◆ **Task description**: The records that follow are to be transcribed in full, leaving out each picture.

[Data items]
▬▬▬

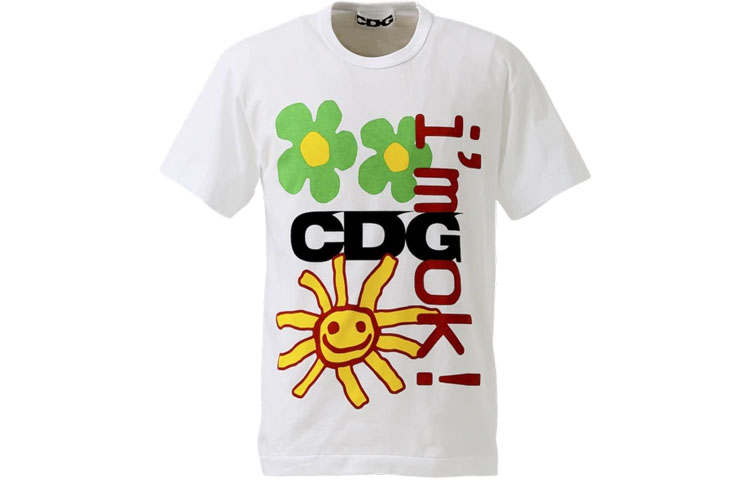 CDG X Cactus Plant Flea Market T Shirts Unisex White Crew Neck Moderate Straight Fit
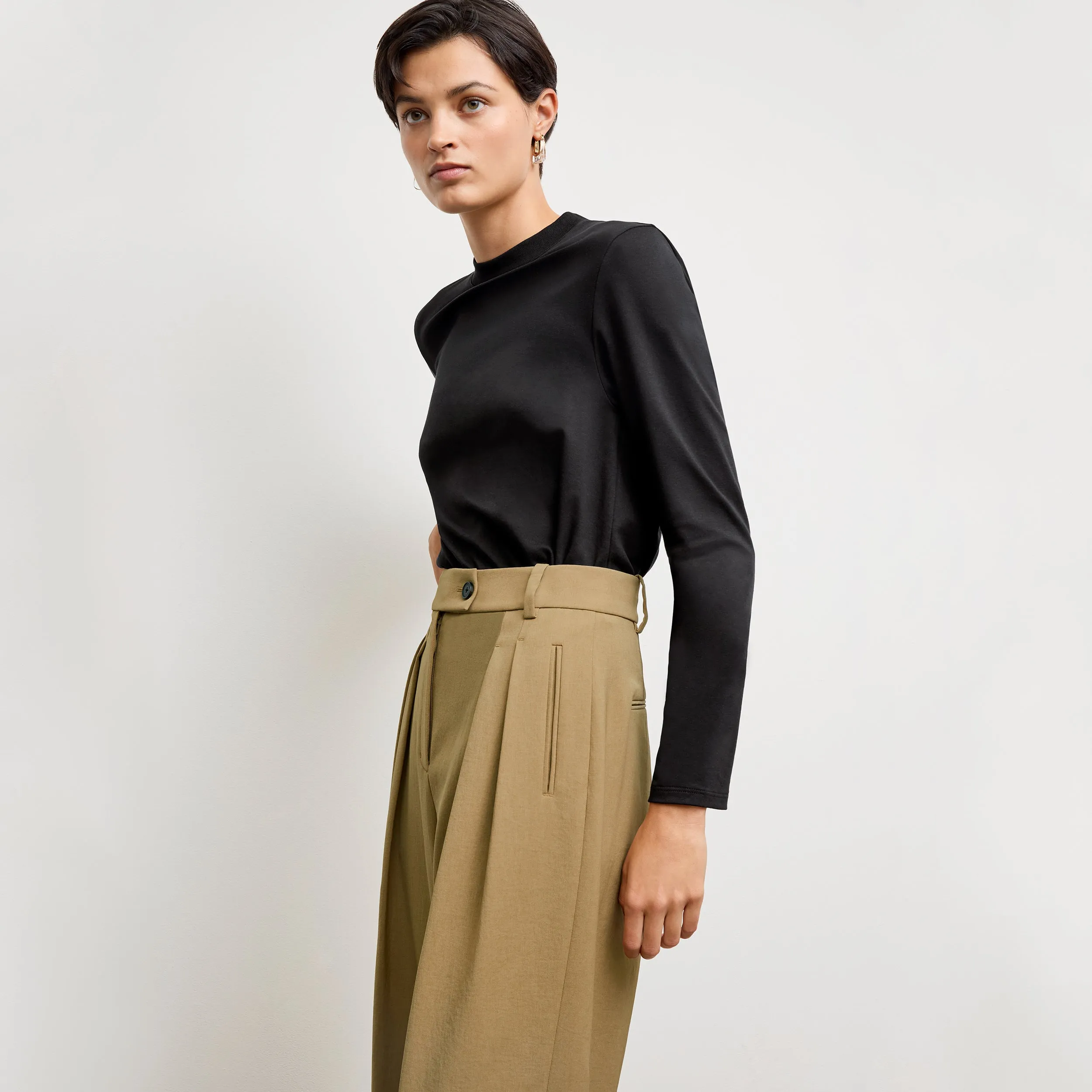 Raquel Long-Sleeve Tee - Organic Pima Cotton :: Black Fade Resistant Dye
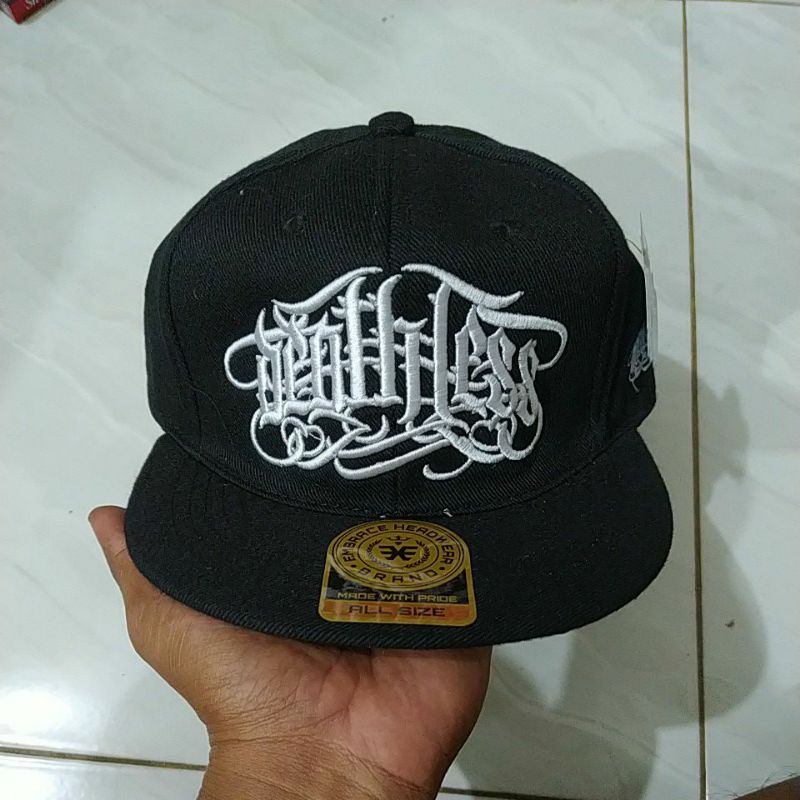 topi Snapback metal distro pria Bordir deatleas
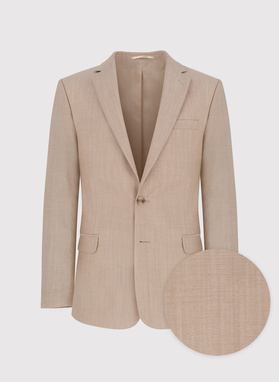 Beżowy wełniany garnitur męski 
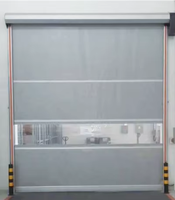 Porte à enroulement rapide résistante au vent, porte automatique à induction à grande vitesse pour la logistique d'entrepôt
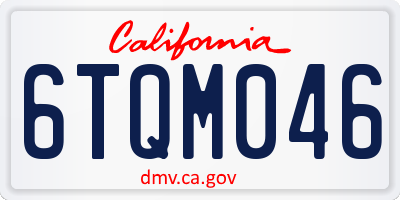 CA license plate 6TQM046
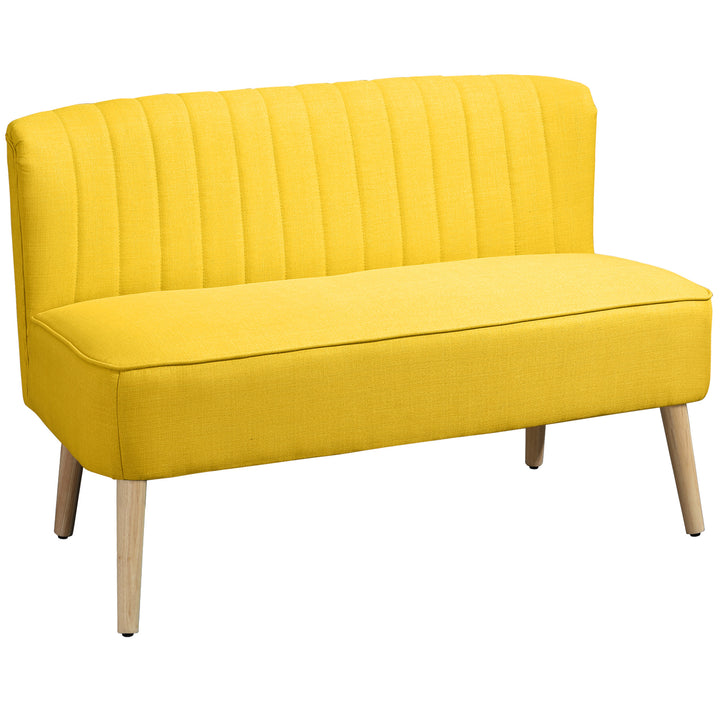 2-Personers sofa, blød polstring, letplejeligt betræk, op til 150 kg, 117 x 56,5 x 77 cm, gul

▬▬▬

◆ **Output of the exercise**:
 CDG X Cactus Plant Flea Market T Shirts Unisex White Crew Neck Moderate Straight Fit
 Raquel Long-Sleeve Tee - Organic Pima Cotton :: Black Fade Resistant Dye
 topi Snapback metal distro pria Bordir deatleas
 Beżowy wełniany garnitur męski 
 Porte à enroulement rapide résistante au vent, porte automatique à induction à grande vitesse pour la logistique d'entrepôt
 CA license plate 6TQM046
 2-Personers sofa, blød polstring, letplejeligt betræk, op til 150 kg, 117 x 56,5 x 77 cm, gul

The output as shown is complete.